Secondo l'antropologo Luke Premo, della Washington State University, nel corso della storia umana avremmo “perso per strada” una quantità di invenzioni almeno pari a quella che è in nostro possesso. Nella sua panoramica Spinney cita il caso della meravigliosa flotta dell'ammiraglio Zheng He, che nella Cina del Quattrocento, dopo avere compiuto sette spedizioni oceaniche, fu smantellata e portò con sé nel nulla il know how che l'aveva resa possibile. Ma gli esempi di questi andirivieni tecnologici, anche qui in Italia, sono sotto i nostri occhi, a partire dagli splendidi acquedotti romani, le cui tecniche costruttive andarono perdute con il crollo dell'impero e vennero faticosamente rielaborate molti secoli dopo. Sulla base degli studi più recenti, però, è soprattutto dall'Età della Pietra che avremmo le maggiori sorprese in fatto di tecnologie smarrite. La apparente mancanza di innovazioni di quel lungo arco di tempo, sostiene Luke Premo, non sarebbe legata a fattori cognitivi, ma alla scarsa densità di popolazione: l'estinzione – assai frequente – di un piccolo gruppo di cacciatori-raccoglitori comportava automaticamente la perdita di tutte le innovazioni acquisite dal gruppo.

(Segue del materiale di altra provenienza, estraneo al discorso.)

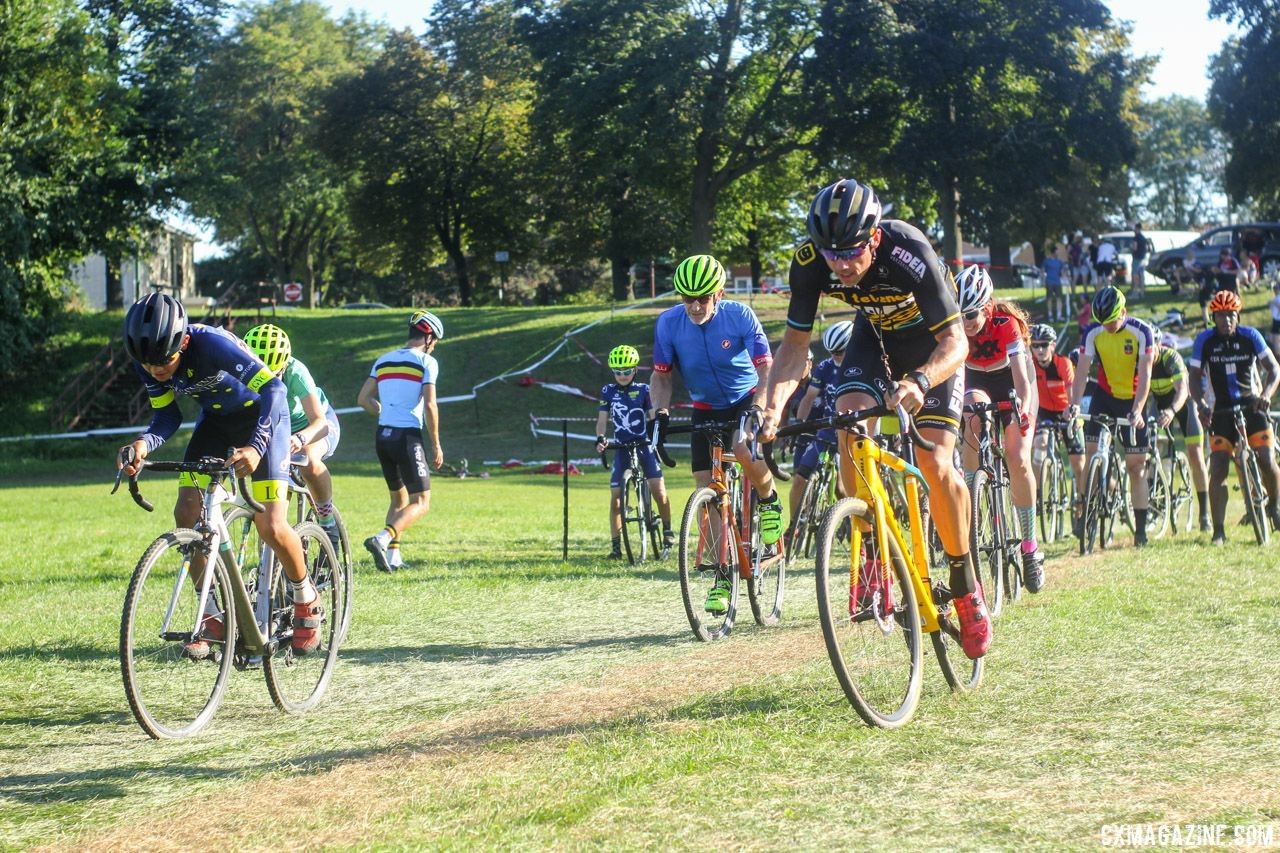 Sven Nys jumped into some of the drills, giving clinic attendees the chance to stare the legend down. 2018 Sven-Nado Clinic, Chicago. © Cyclocross Magazine / Z. Schuster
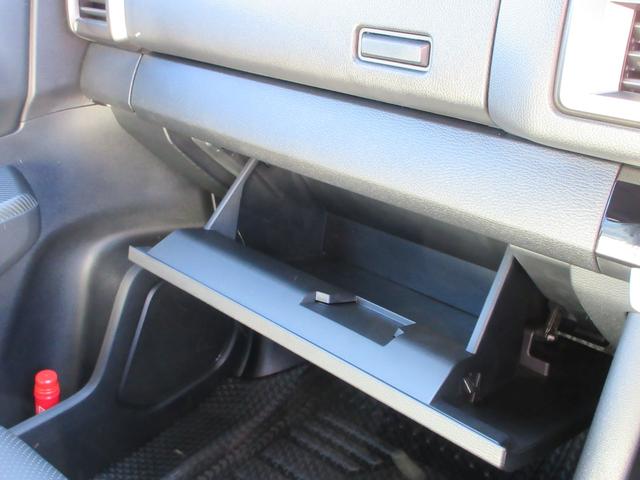 トライトン GSR 4WD レザーシート 純正9インチナビ フルセグTV 全周囲カメラ レーダークルーズコントロール ETC ブラインドスポットモニター シートヒーター ステアリングヒーター パワーシート 社外バグガード(28枚目)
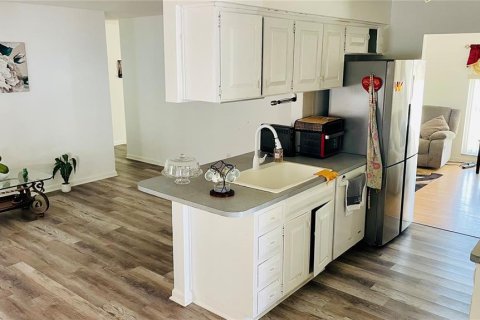 House in Tampa, Florida 3 bedrooms, 141.58 sq.m. № 2310032 - photo 6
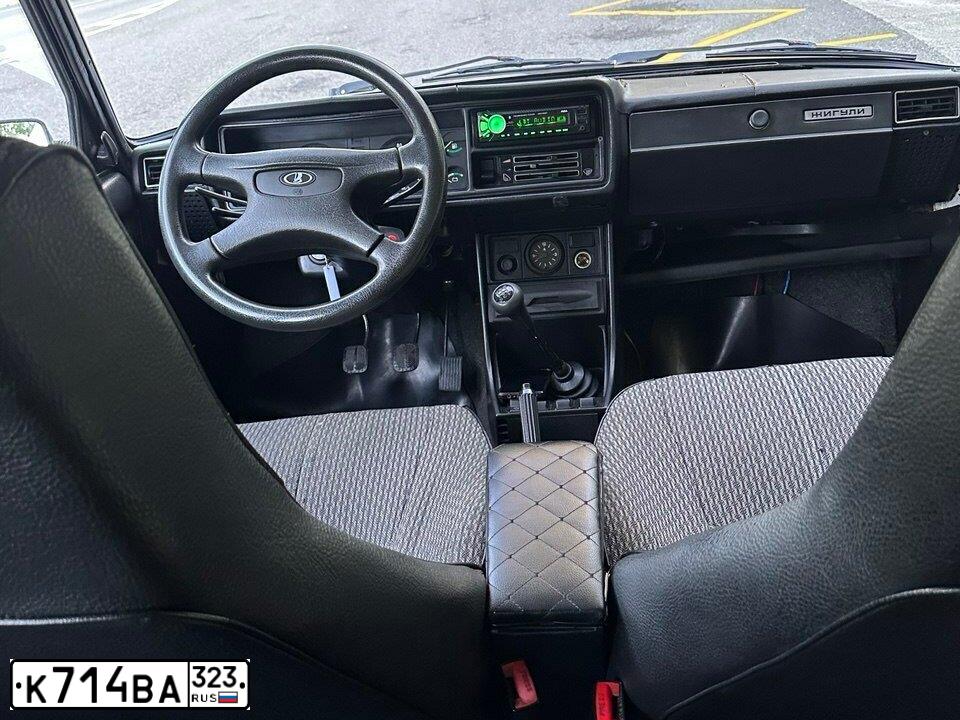 Фото автомобиля LADA 2105, 2005 — госномер К714ВА323. Цвет: Белый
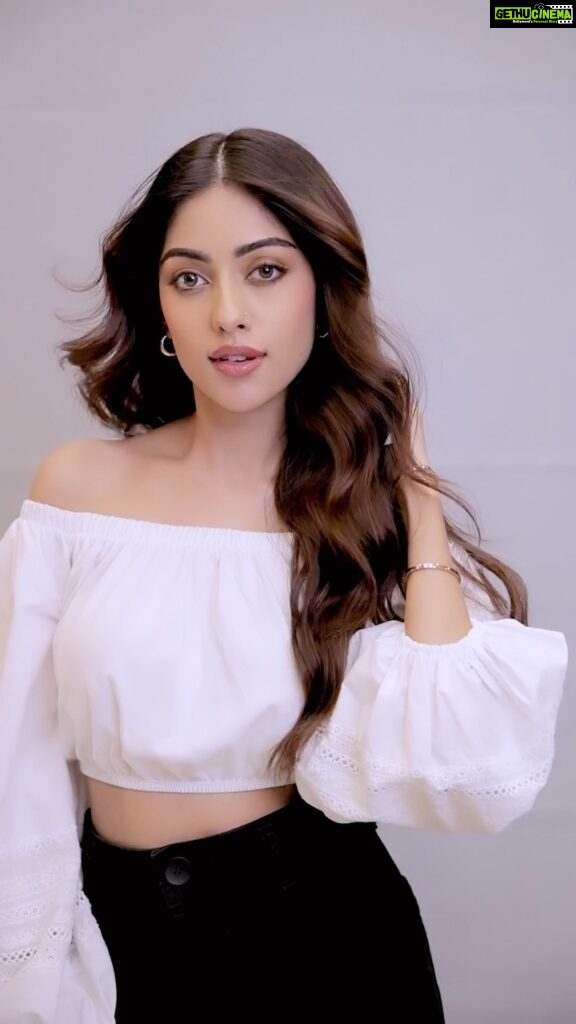 Anu Emmanuel Instagram - Hair color upgrade you guys!!😍 So glad I went for the French Balayage hair color by @lorealpro These subtle browns are definitely enhancing my look! Thank you @maneasalon and @vignesh_theartisan for this lovely transformation #Collab @lorealpro_education_india #MyFrenchBalayage #FrenchBalayageIndia Manea Banjara Hills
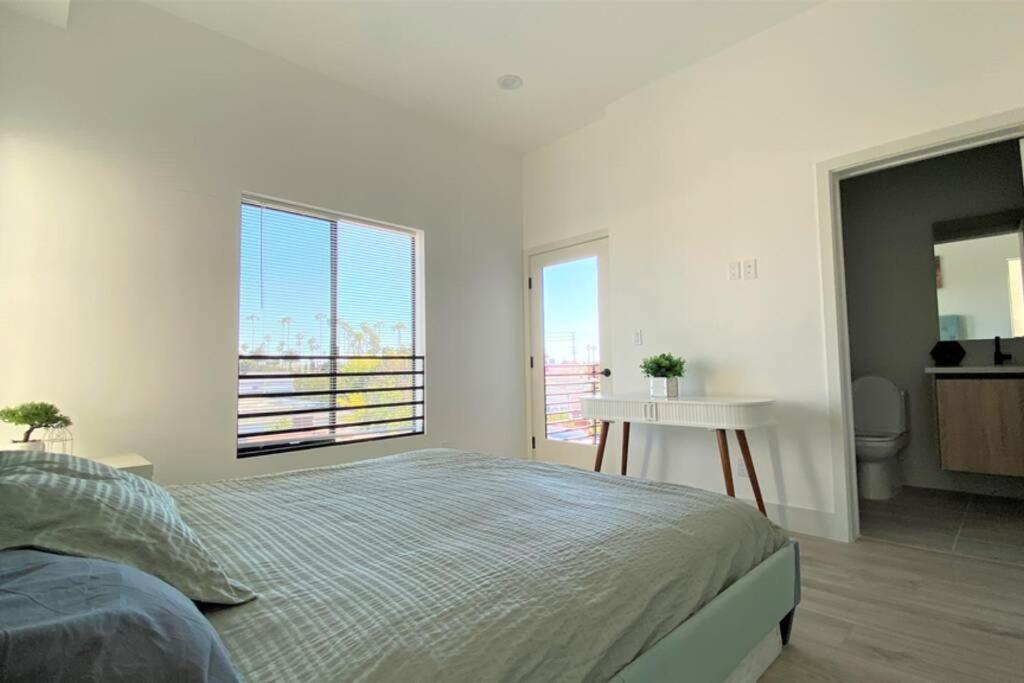 3Bd/3Ba Modern Hollywood Townhouse With Private Rooftop Los Angeles Exterior photo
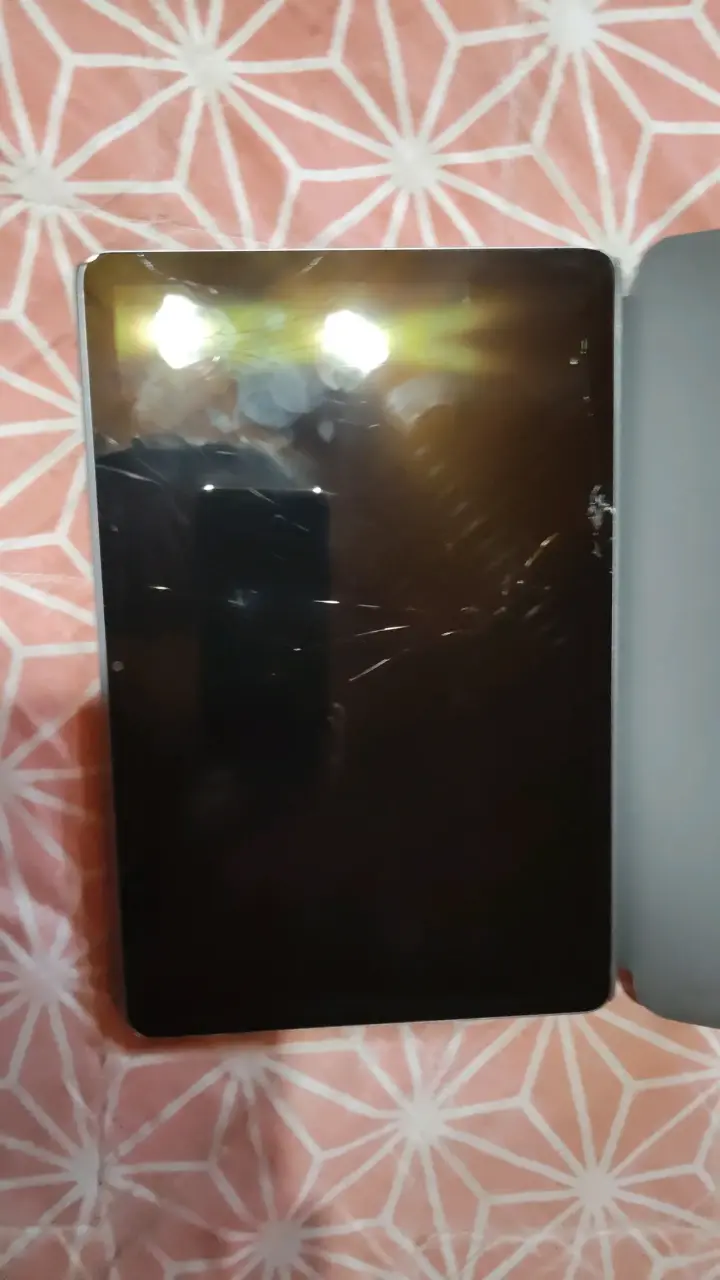 Tablet con pantalla dañada - 1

E una conferma indiretta viene dalla Tasmania, dove una gamma di tecnologie complesse (abbigliamento contro il freddo, strumenti per la pesca, armi) andò smarrita circa dodicimila anni fa, quando in seguito a motivi climatici la regione si trasformò in un'isola, staccandosi dal continente australiano. 

Vero motore di tutte le innovazioni, la circolazione dei dati, protagonista – grazie alla scrittura e adesso alla rete – della nostra stagione storica, potrebbe però trasformarsi in un inatteso intralcio. Spinney cita infatti Alex Mesoudi, antropologo dell'università di Durham, nel Regno Unito, secondo il quale “abbiamo accumulato una tale quantità di sapere, che i giovani, dovendo acquisire il bagaglio ereditato dalle generazioni precedenti, adesso hanno meno tempo per innovare” (e il fatto che l'età media delle scoperte che portano al Nobel sia passata nell'ultimo secolo da 32 a 38 anni ne sarebbe una prova). Non solo: la crescente complessità delle tecnologie fa sì che si perda la conoscenza del contesto ma, ammonisce un altro antropologo, Robert Boyd, dell'università dell'Arizona, “comprendere le cause di un fenomeno, sapere come funziona una certa tecnologia, è importantissimo perché ci aiuta a adattarci meglio se interviene un cambiamento ambientale”.

Tutti rischi di cui dovremmo tenere conto, conclude Laura Spinney, se non vogliamo fare la fine della splendida flotta di Zheng He (restando, aggiungiamo noi, miseramente intrappolati in un groviglio di spaghetti).